▶ [Task goal] Output only the stretch of the listing that starts at the line containing "35e festival international" and ends at the line containing "Mercedes-Benz Klasa A", reproduced exactly with both ends.

▶ [Records for processing]
......
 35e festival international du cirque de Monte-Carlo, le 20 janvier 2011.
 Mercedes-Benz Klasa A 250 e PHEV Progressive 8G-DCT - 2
......
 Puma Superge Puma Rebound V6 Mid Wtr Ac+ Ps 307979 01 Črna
......
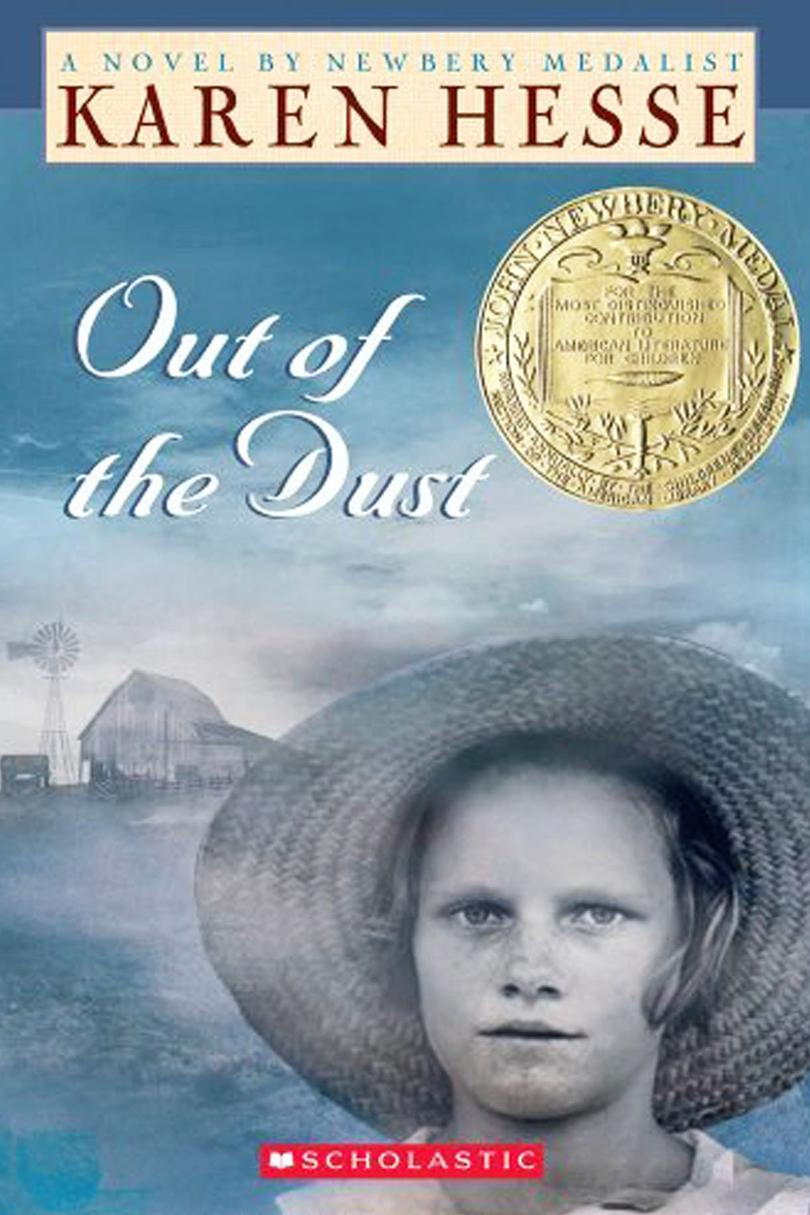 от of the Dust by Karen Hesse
......
▶ [Task result]
 35e festival international du cirque de Monte-Carlo, le 20 janvier 2011.
 Mercedes-Benz Klasa A 250 e PHEV Progressive 8G-DCT - 2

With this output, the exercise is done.